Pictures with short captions
════════
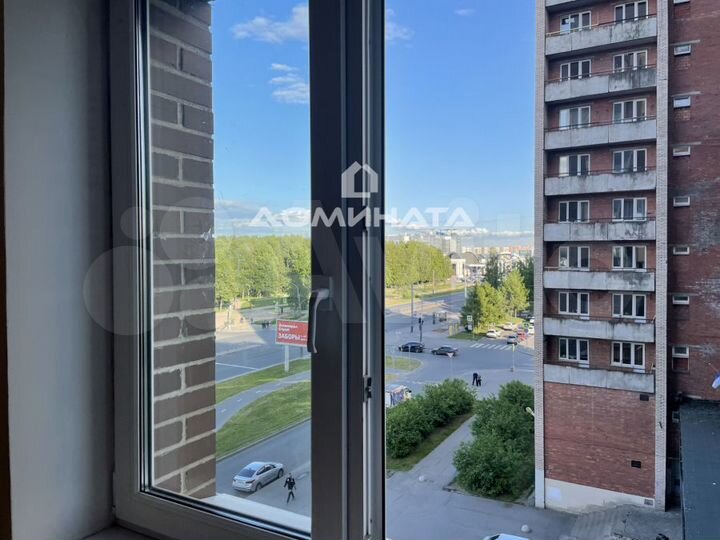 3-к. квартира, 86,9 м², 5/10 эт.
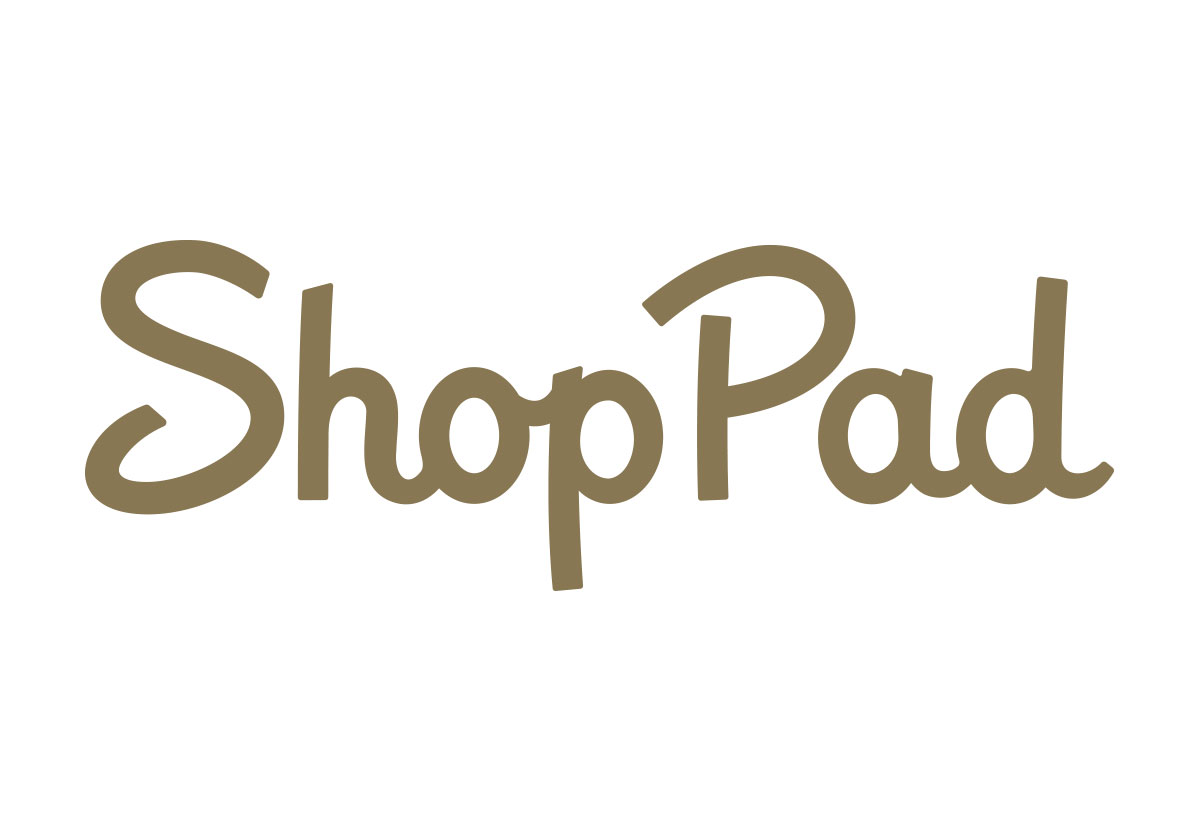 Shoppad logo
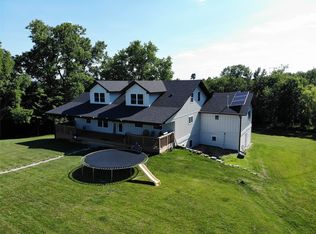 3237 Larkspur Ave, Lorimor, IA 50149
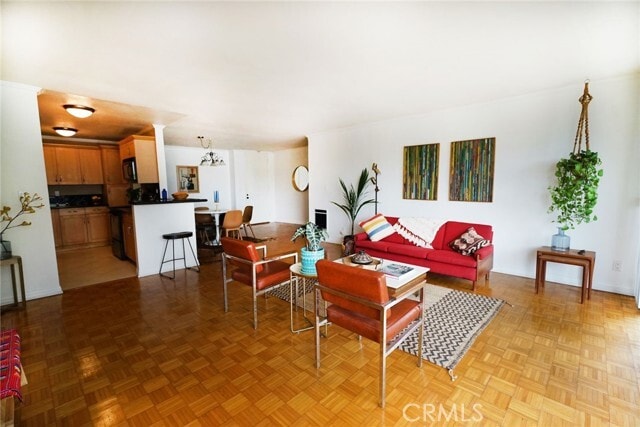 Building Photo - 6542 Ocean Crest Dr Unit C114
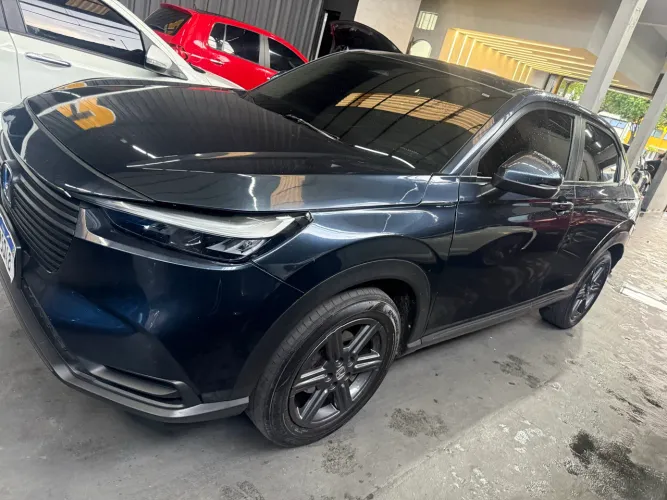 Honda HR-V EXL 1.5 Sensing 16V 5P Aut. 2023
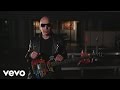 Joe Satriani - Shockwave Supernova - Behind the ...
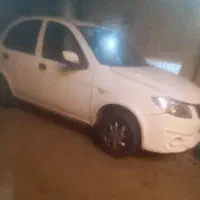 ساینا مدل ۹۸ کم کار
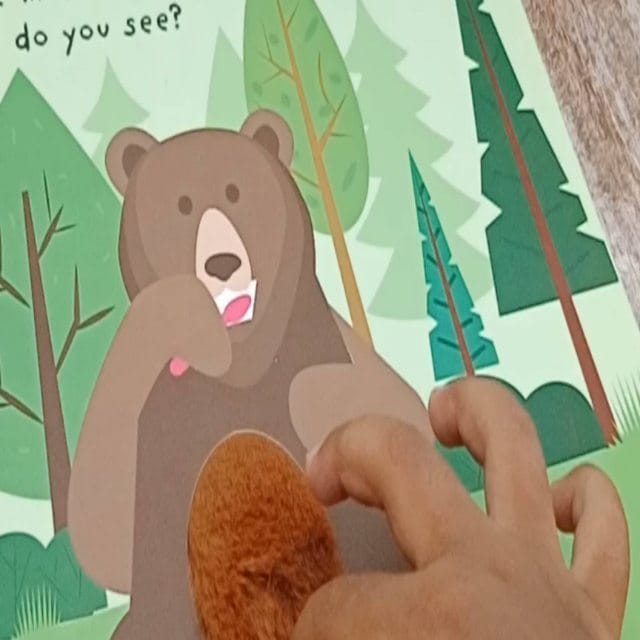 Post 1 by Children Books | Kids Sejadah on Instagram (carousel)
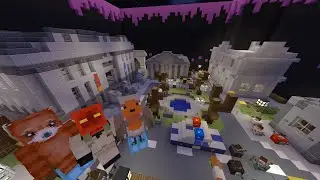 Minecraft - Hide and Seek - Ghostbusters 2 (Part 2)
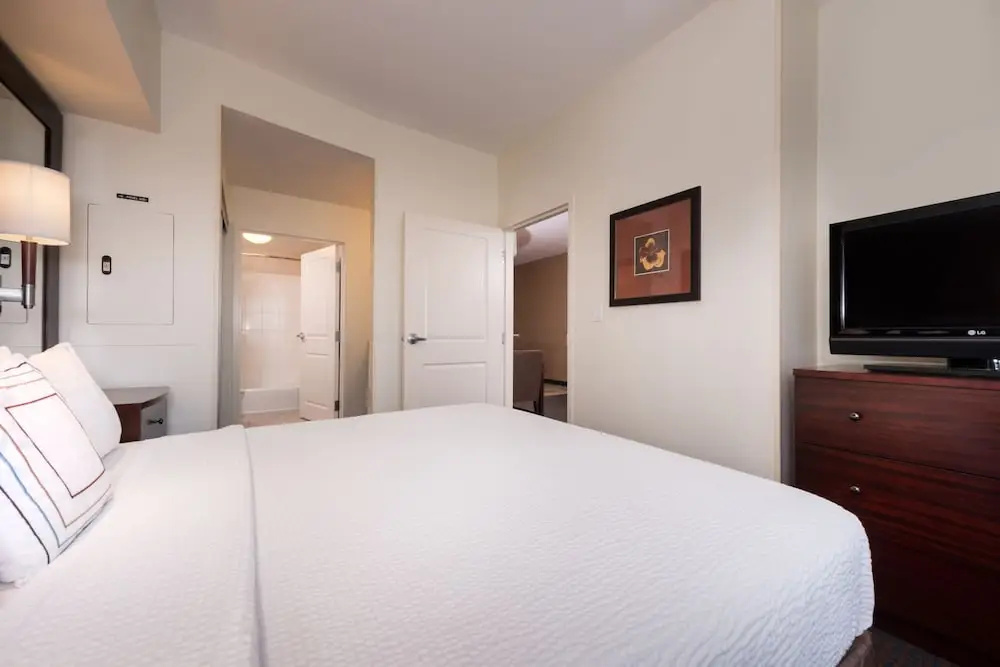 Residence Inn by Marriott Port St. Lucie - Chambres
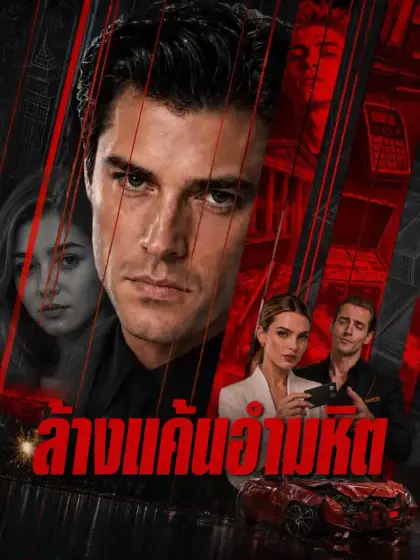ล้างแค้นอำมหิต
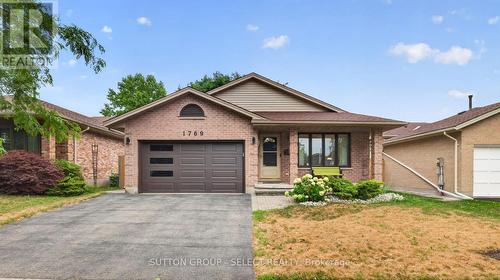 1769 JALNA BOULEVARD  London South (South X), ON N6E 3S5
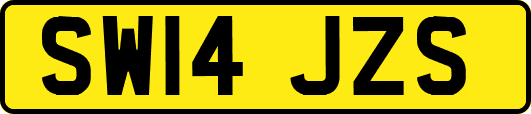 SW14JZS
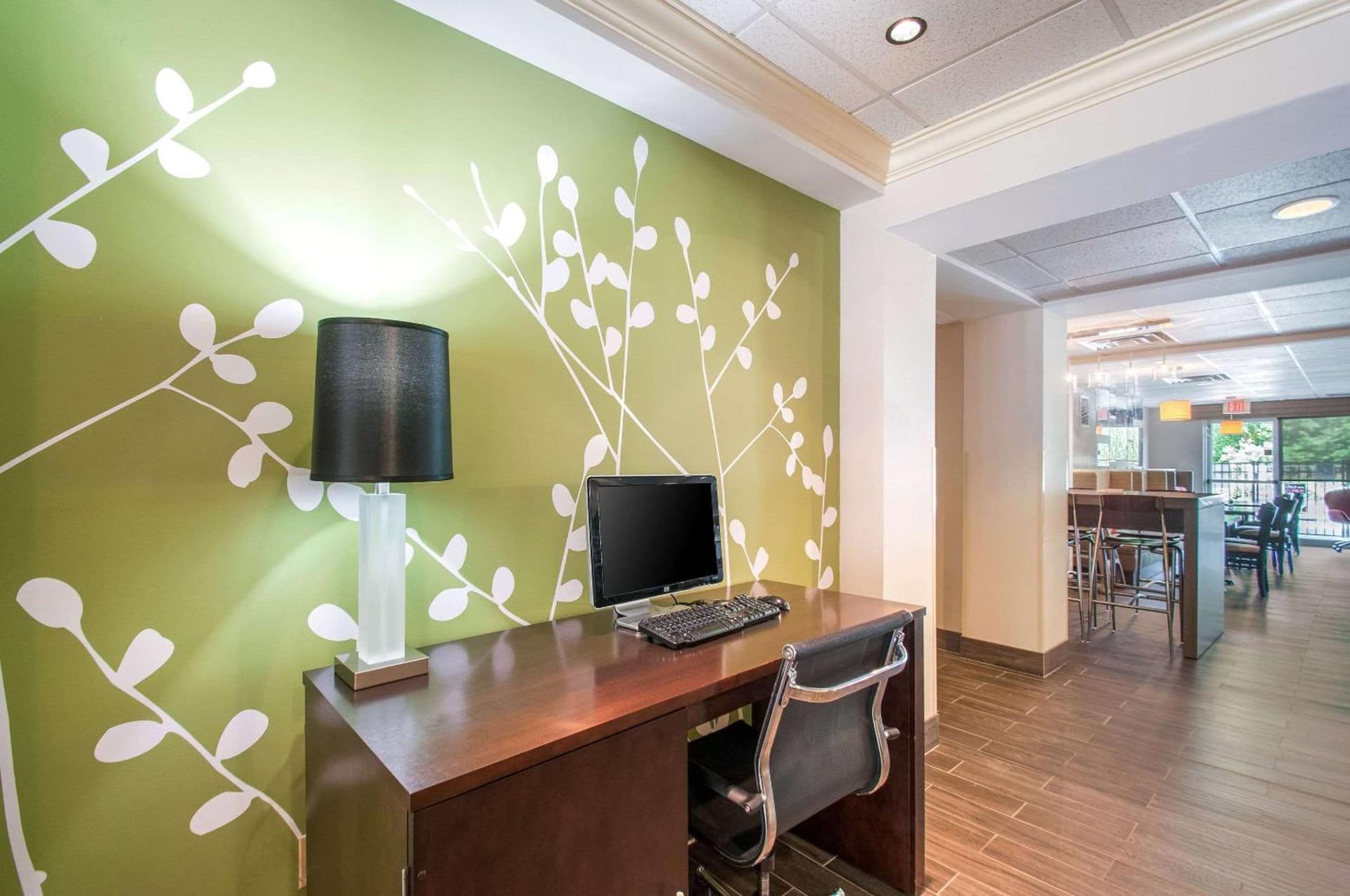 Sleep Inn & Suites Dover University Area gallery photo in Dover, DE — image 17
════════
#### HOW TO COMPLETE THIS TASK
Print each record exactly as it stands, leaving the images out.

#### PROBLEM SOLUTION
 3-к. квартира, 86,9 м², 5/10 эт.
 Shoppad logo
 3237 Larkspur Ave, Lorimor, IA 50149
 Building Photo - 6542 Ocean Crest Dr Unit C114
 Honda HR-V EXL 1.5 Sensing 16V 5P Aut. 2023
 Joe Satriani - Shockwave Supernova - Behind the ...
 ساینا مدل ۹۸ کم کار
 Post 1 by Children Books | Kids Sejadah on Instagram (carousel)
 Minecraft - Hide and Seek - Ghostbusters 2 (Part 2)
 Residence Inn by Marriott Port St. Lucie - Chambres
ล้างแค้นอำมหิต
 1769 JALNA BOULEVARD  London South (South X), ON N6E 3S5
 SW14JZS
 Sleep Inn & Suites Dover University Area gallery photo in Dover, DE — image 17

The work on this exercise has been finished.